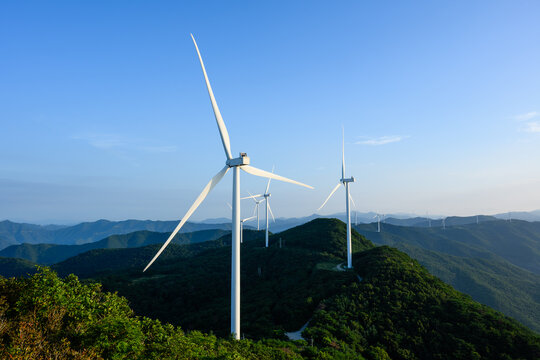 Wind Turbines on Forested Mountain Ridge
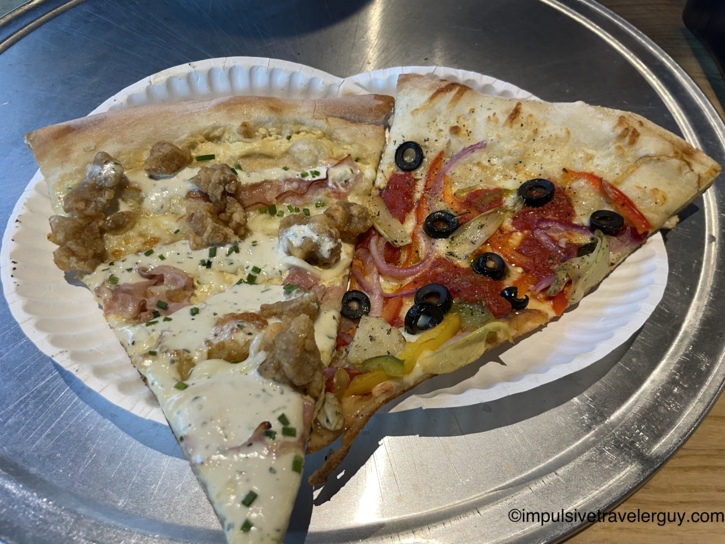 Two large slices of pizza on a white paper plate resting on a metal pizza pan. One slice features a white sauce base topped with chicken, bacon, and chives. The other slice is topped with tomato sauce, pepperoni, sliced bell peppers, red onions, and black olives.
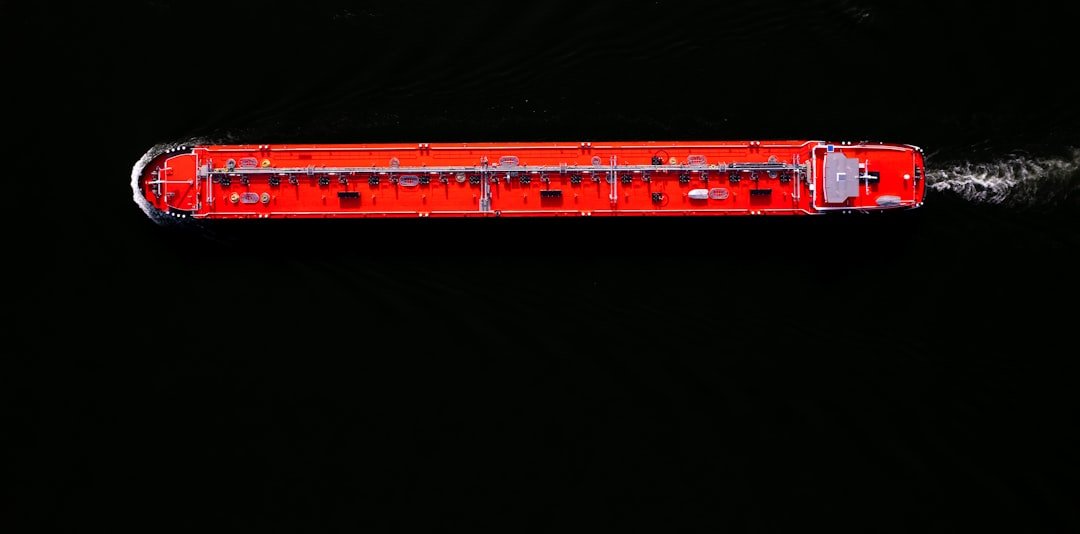 a red boat floating on top of a body of water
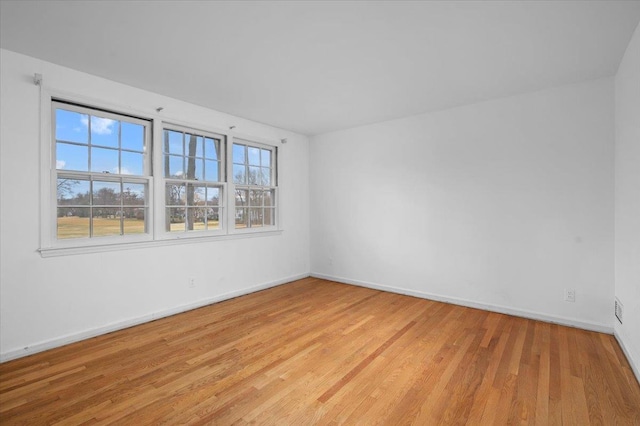 empty room featuring light wood finished floors and baseboards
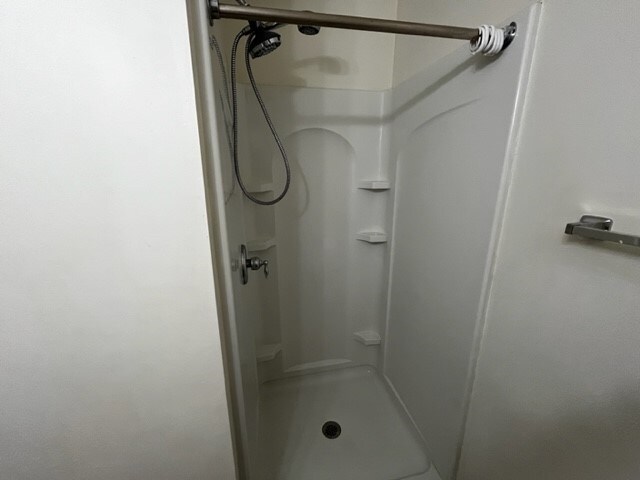 bathroom featuring a shower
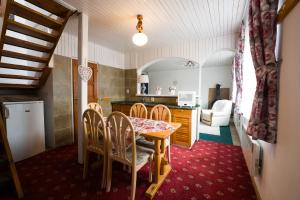 a kitchen and dining room with a table and chairs at Drevenička U Ježka in Ždiar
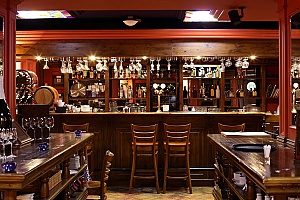 a picture of a bar within a restaurant that msut be covered by a strong liquor liability insurance policy since they regularly have guests coming in that argue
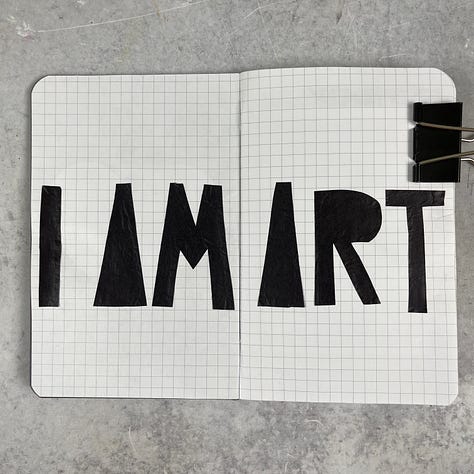 creative art journal pages in a small notebook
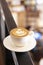 Cup of cappuccino on the background of the cafe in defocus. White ceramic cup and place for text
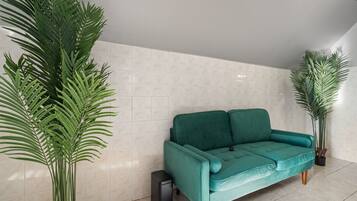 A teal sofa in a room with tiled walls and large green plants.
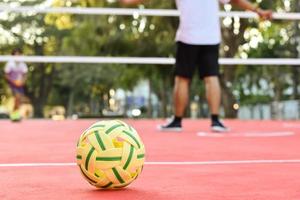 sepak takraw boll på röd golv av utomhus- domstol, suddig bakgrund, rekreationell aktivitet och utomhus- sporter i sydöst asiatisk länder begrepp. foto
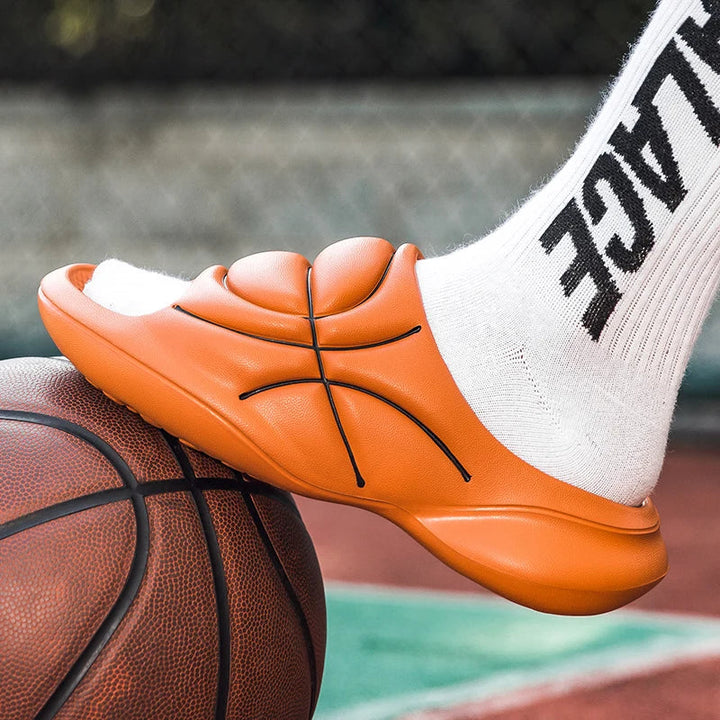 A person wearing white socks and orange basketball slip ons, featuring a cushioned footbed and designed to look like a basketball, rests their foot on an actual basketball on an outdoor court.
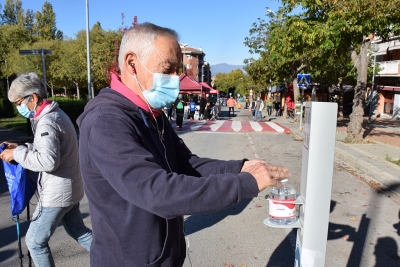 Un dels participants fa ús d'un dispensador de gel hidroalcohòlic a l'arribada de la Marxa Popular.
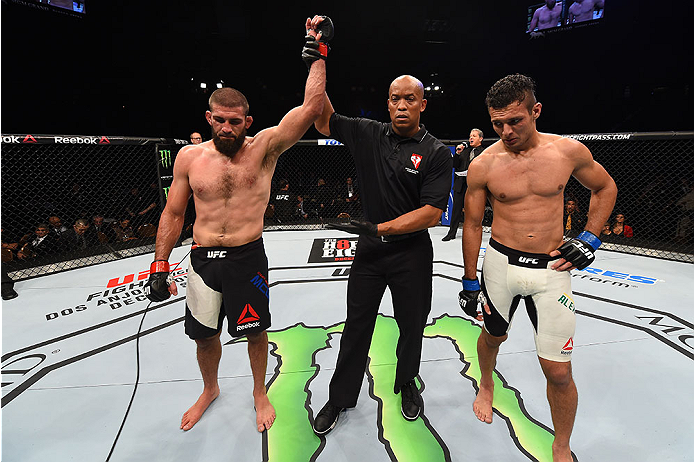 LAS VEGAS, NV - DECEMBER 12: Court McGee (left) is declared the winner over Marcio Alexandre of Brazil (right) in their welterweight bout during the UFC 194 event inside MGM Grand Garden Arena on December 12, 2015 in Las Vegas, Nevada.  (Photo by Josh Hed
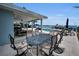 A waterfront patio with a dining set, lounge chairs, a pool, and beautiful water views at 4381 Poinsettia Dr, St Pete Beach, FL 33706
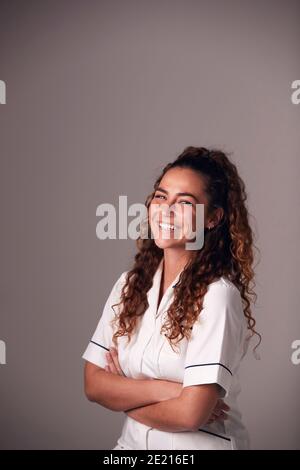 Studio Portrait Of Young Female Nurse Wearing Uniform Standing Against Grey Background Stock Photo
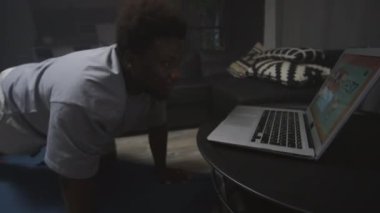 Obese siyahi adam spor giyim bölümünde dağcı egzersizi yapıyor ve evde antrenman yaparken laptopta video antrenmanı izliyor.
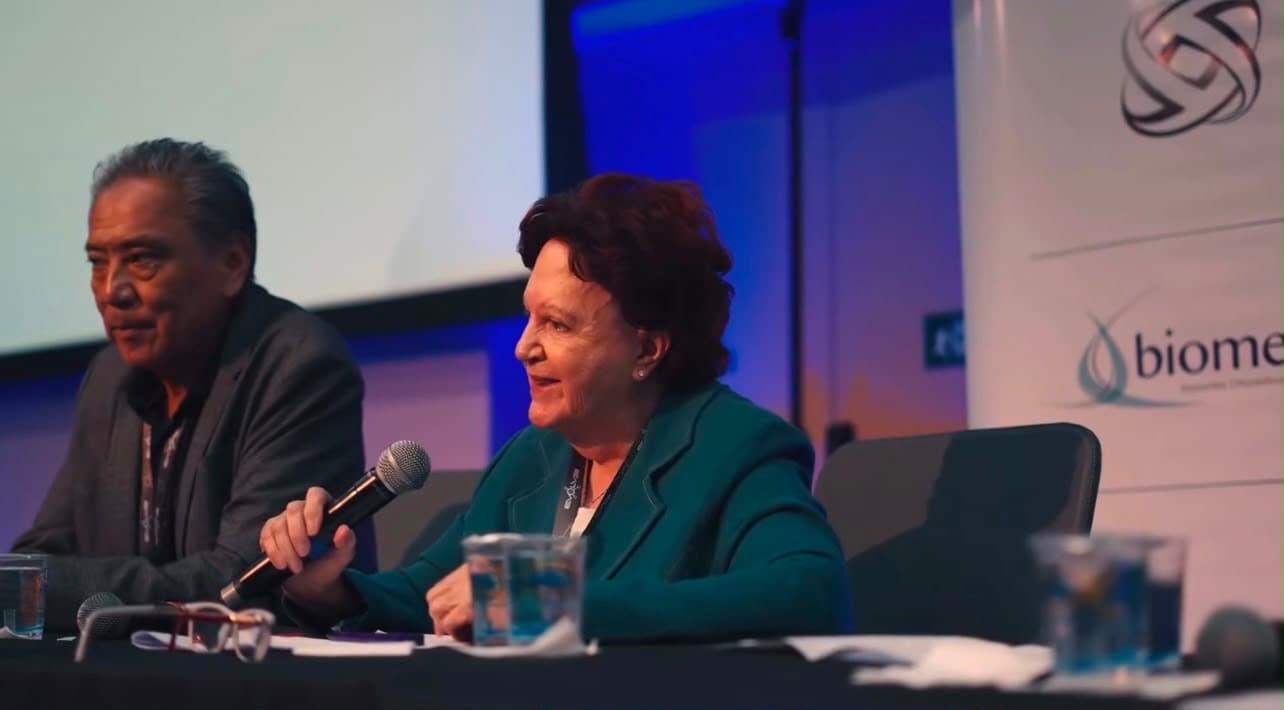 Palestrante ao microfone na mesa de debate, ao lado de outro especialista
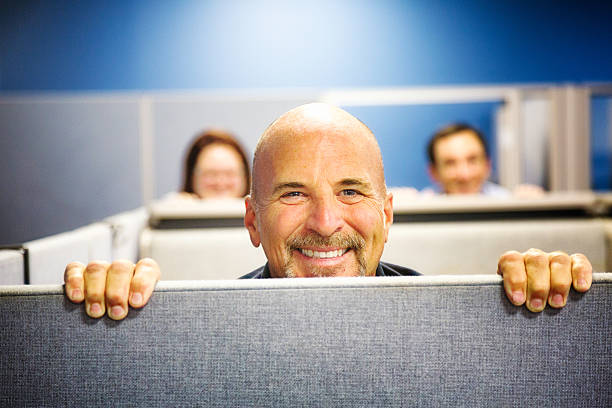 istock Cheerful cubicle worker portrait peeking over wall smiling 488387698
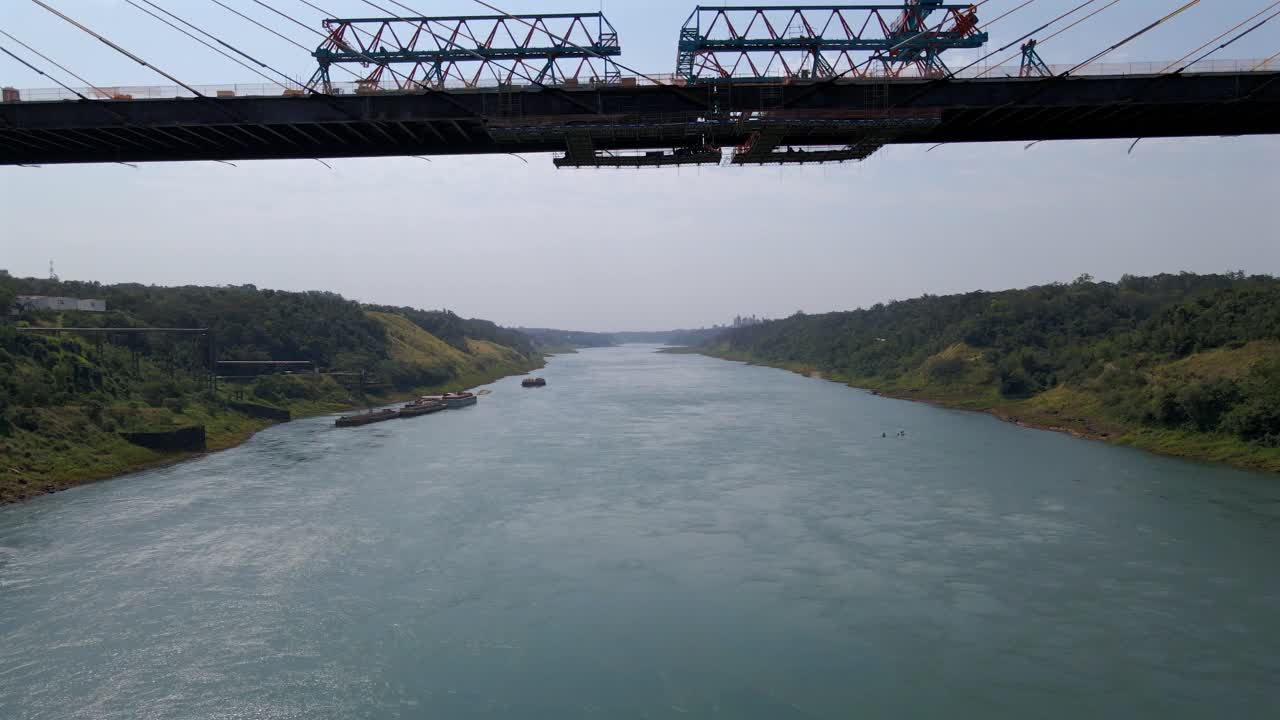 Integration Bridge Paraguay Brazil border under construction infrastructure, aerial drone over river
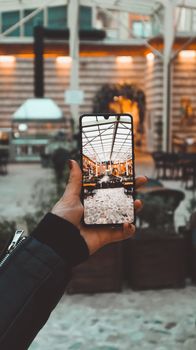 A hand holding a smartphone captures a visually appealing indoor setting with a warm ambiance.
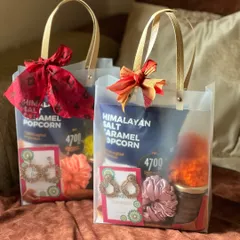 A pair of Rakhi gift bags for sisters. These transparent bags are filled with gourmet popcorn, jewelry, and scrunchies, finished with a festive ribbon.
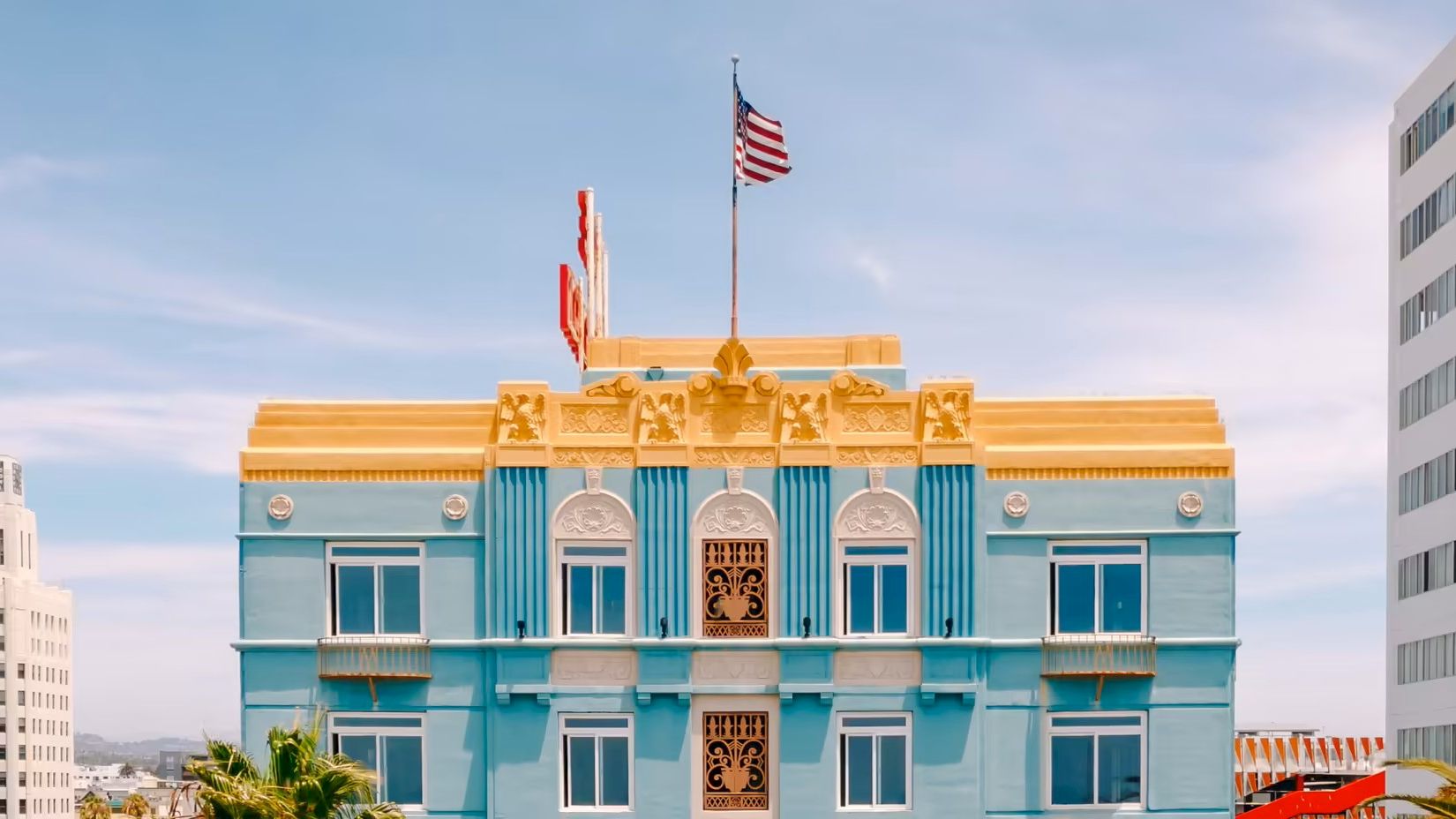 A pastel blue, ornate building with gold trim and arched windows, flagpole, and an American flag atop; surrounding cityscape.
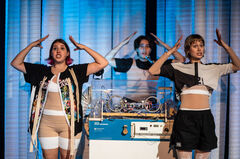 Twee vrouwelijke performers dansen op het podium met een muzikant achter een DJ-set, kleurrijke verlichting op de achtergrond.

• Aim of the exercise
Up to and including the line that contains "a red boat floating", print the records above exactly from their first line, without any pictures.

• Output of the exercise
 Wind Turbines on Forested Mountain Ridge
 Two large slices of pizza on a white paper plate resting on a metal pizza pan. One slice features a white sauce base topped with chicken, bacon, and chives. The other slice is topped with tomato sauce, pepperoni, sliced bell peppers, red onions, and black olives.
 a red boat floating on top of a body of water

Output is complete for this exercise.